Réfugiés à Callac : une manifestation sous haute tension

Opposées au projet d’accueil de réfugiés Horizon, environ 450 personnes ont manifesté, ce samedi, à Callac (22). En face, une contre-manifestation a réuni près de 500 personnes. Vers 15 h 30, des échauffourées ont éclaté.

Aux abords de Callac, 200 gendarmes étaient fortement mobilisés, ce samedi, en vue de cette manifestation. Les militaires ont ainsi contrôlé les identités et les véhicules de toutes les personnes qui arrivaient sur la commune costarmoricaine.

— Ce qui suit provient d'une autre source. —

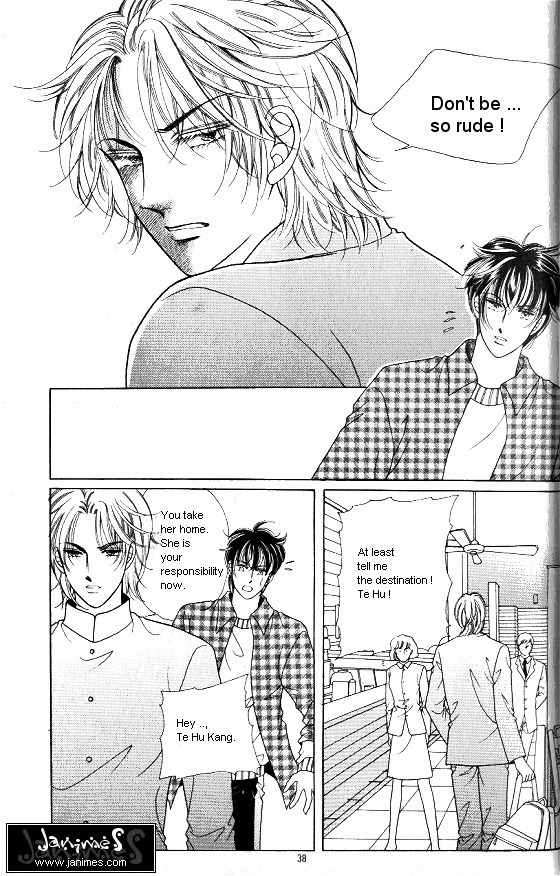 Hot Blooded Woman Chapter 65 page 9 - Chapter 65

Démarrée à 14 h 30, la manifestation a rassemblé les opposants de l’accueil de réfugiés, d’un côté, et les défenseurs du projet, de l’autre. Si un tract indiquait que 70 familles de réfugiés seront accueillies sur la commune costarmoricaine, le préfet des Côtes-d’Armor, Stéphane Rouvé, évoquait, lui, deux familles originaires d’Afrique qui arriveraient d’ici la fin de l’année.

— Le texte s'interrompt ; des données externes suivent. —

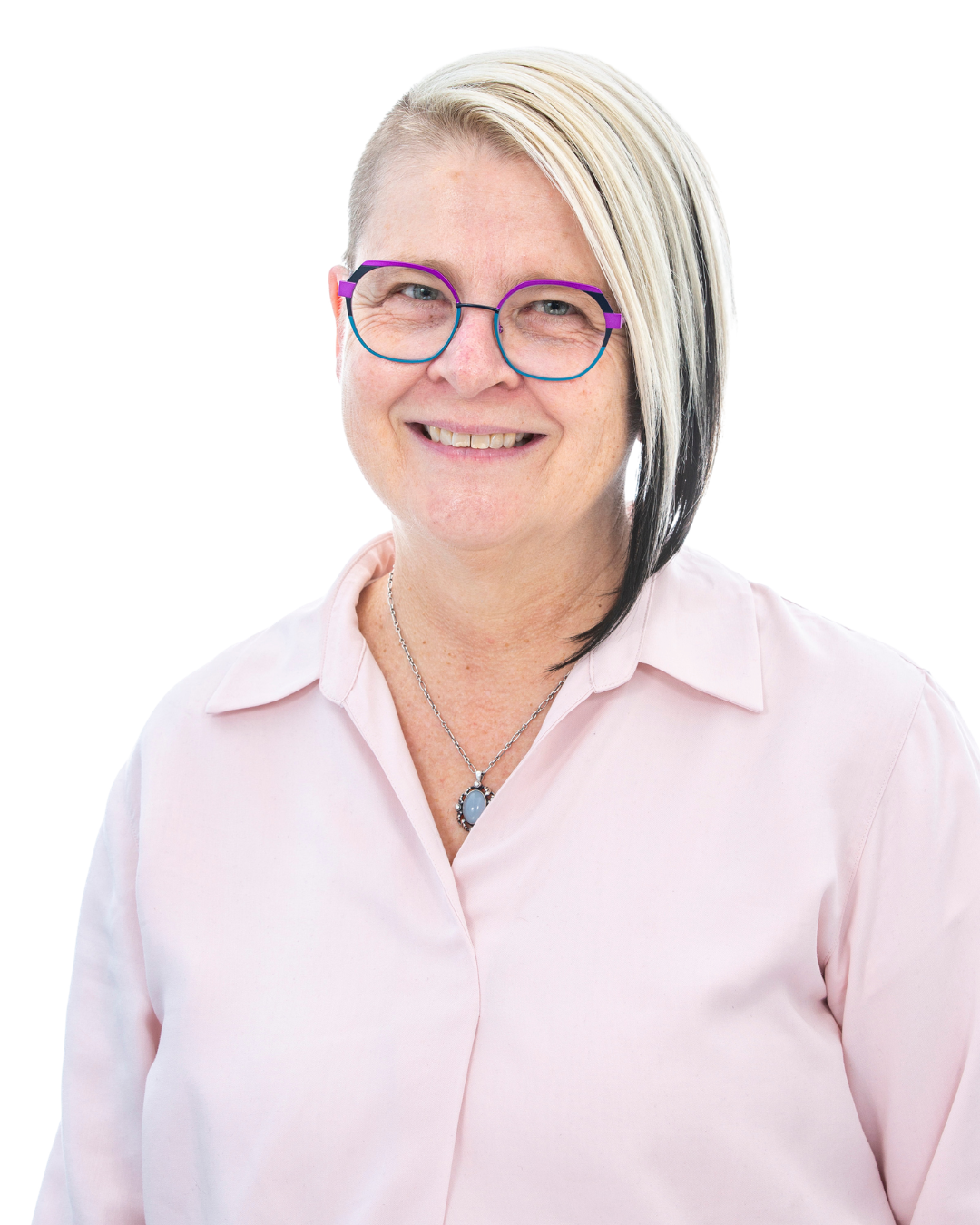 Cath Adams - President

Devant la mairie de Callac, ils étaient ainsi 450 opposants au projet Horizon, dont des nationalistes des Jeunesses angevines et vendéennes. Président d’Alternative France, Gilbert Collard a également effectué le déplacement. Une demande de rendez-vous en mairie a été refusée par le maire de Callac, Jean-Yves Rolland.

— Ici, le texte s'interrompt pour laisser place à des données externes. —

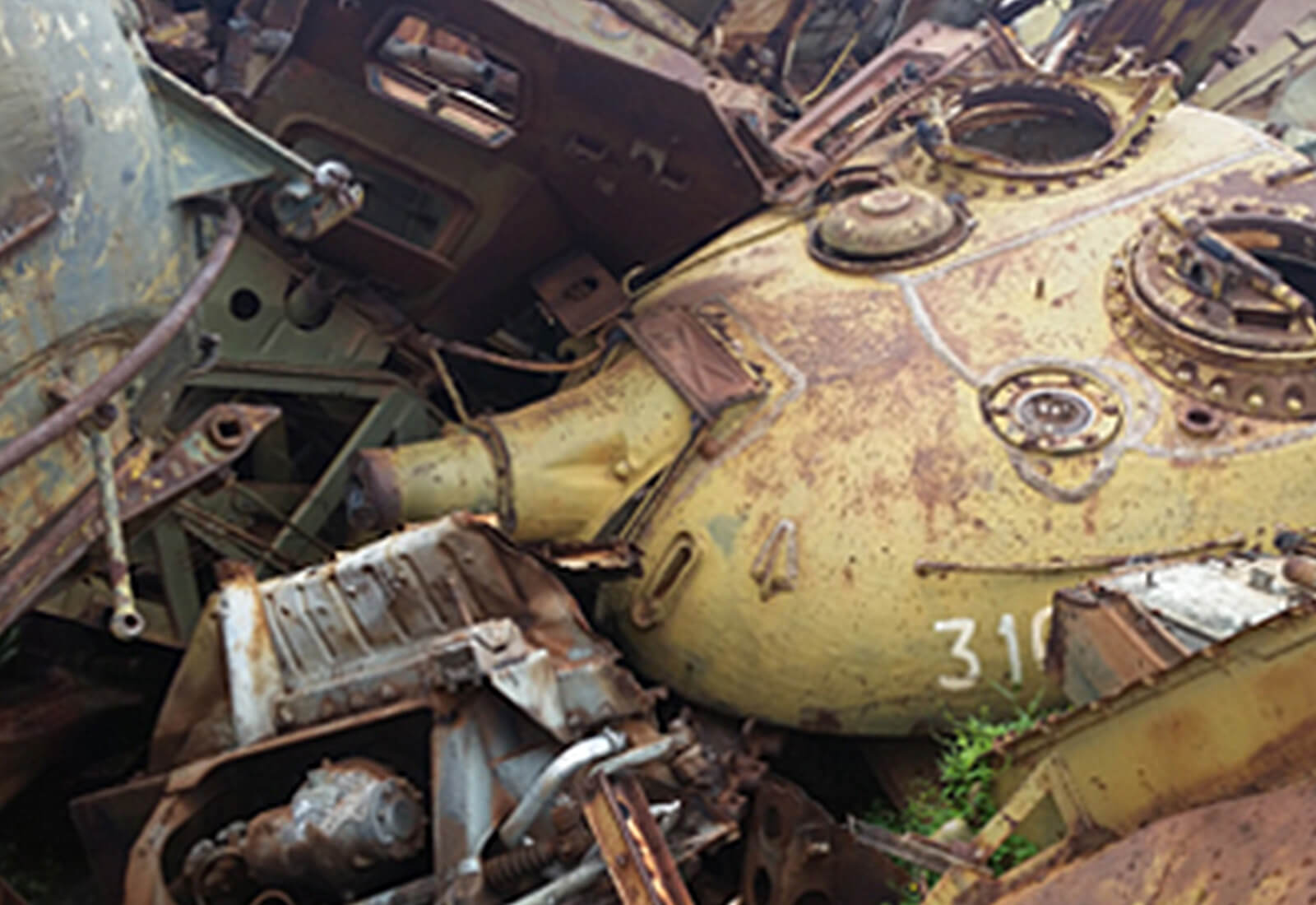 scrap metal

À 800 mètres de là, une contre-manifestation s’était également installée sous la banderole « BZH ouverte et solidaire ». Parmi les 500 personnes présentes, de nombreux élus, dont la sénatrice Annie Le Houerou, ainsi que des antifascistes, des militants de la CGT, du PCF, de Solidaires, de la France Insoumise…

Rapidement, une centaine de défenseurs du projet, notamment des « antifascistes », munis de fumigènes, ont pris la direction de la place de la mairie. Vers 15 h 30, des projectiles ont été lancés contre les forces de l’ordre, lesquelles ont répliqué par des jets de gaz lacrymogène. Une heure plus tard, la tension est descendue d’un cran et les manifestants ont commencé à se disperser.

05 novembre 2022

https://www.letelegramme.fr/

Lire aussi:

Samedi tendu à Callac (Le Poher)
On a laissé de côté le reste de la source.